Siete sicuri che a Milano abbia lasciato un buon ricordo tale da consentirgli di vincere, almeno a Milano? Ricordo che prese 353.410 voti nel 2006 e nel 2011 ebbe 273.401 voti, perdendo rispetto a cinque anni prima 80.000 voti. Nel 2006 la Moratti ebbe 33.923 voti più del suo avversario, Bruno Ferrante; nel 2011 la Moratti prese 42.461 voti meno di Pisapia. Si consideri che la sinistra nel 2006 prese con Ferrante 319.487 voti e nel 2011 con Pisapia prese 315.862 voti. Tanto che è facile dire che nel 2011 non vinse la sinistra, ma perse il centrodestra a guida Moratti, nonostante la sua straordinaria simpatia e la assegnazione dell’Expo.

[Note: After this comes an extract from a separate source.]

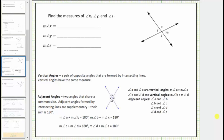In this lesson, we will look at two examples of determining the measure of angles from a given diagram. The first example involves vertical angles and adjacent angles.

Ricordo anche che Albertini, nel 2013, quando si candidò per la Regione, prese a Milano città, 41.957 voti pari al 5,9% e in Regione 236.392 voti pari al 4,12%, con uno 0,06% in più della coalizione che lo sosteneva (Lombardia Civica Albertini Presidente e UDC) che fece il 4,06% dei voti validi, senza nessun eletto.

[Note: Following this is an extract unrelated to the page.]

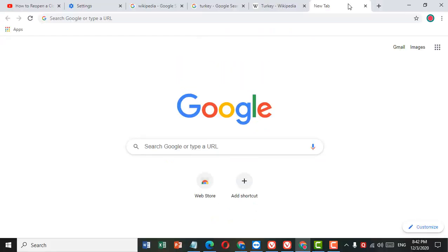This is a very simple and easy method to make Google Chrome go full screen mode. Thank you for watching this video. Please subscribe to my channel for latest updates.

Tutto può succedere in politica, e nelle elezioni in cui l’elettorato è molto mobile e si sposta con facilità verso quelli che appaiono meno compromessi con il passato di governo o che danno una speranza di cambiare le cose,
Comunque, i dati delle ultime elezioni politiche impongono anche al centrodestra una qualche riflessione: perché un conto è difendere il candidato (di Salvini) dalle mire “espansionistiche” di una autocandidatura, e un’altra cosa è chiudere un quinquennio non certo brillante, non solo per la vicenda Covid.
Le elezioni regionali 2018
Per ricapitolare, nel 2018 Attilio Fontana ha vinto con il 49,75% dei voti validi (coalizione 51,26%), Giorgio Gori ha preso il 29,09% in Lombardia (coalizione 26,99%) e Dario Violi (5 S) ha preso il 17,37 (le 5S, il 17,81%).
Avevano votato il 73,10% degli elettori.
La Lega aveva preso il 29,65% dei voti (e alle politiche 2018 il 28%, scesa oggi al 13,26%), Forza Italia il 14,32% (13,88% alle politiche 2018, oggi al 7,87%) e Fratelli d’Italia il 3,64% (alle politiche 4,04%. esplosa oggi al 28,50%).
C’è da non credere che Fratelli d’Italia sia aumentata del 24% in cinque anni, segno che anche in Lombardia, sia pure all’interno della stessa coalizione, c’è una forte mobilità: scambio interno tra Forza Italia e Lega prima, cioè nel 2018, e adesso nel 2022 fra Lega e Fratelli d’Italia, con una riduzione progressiva di Forza Italia.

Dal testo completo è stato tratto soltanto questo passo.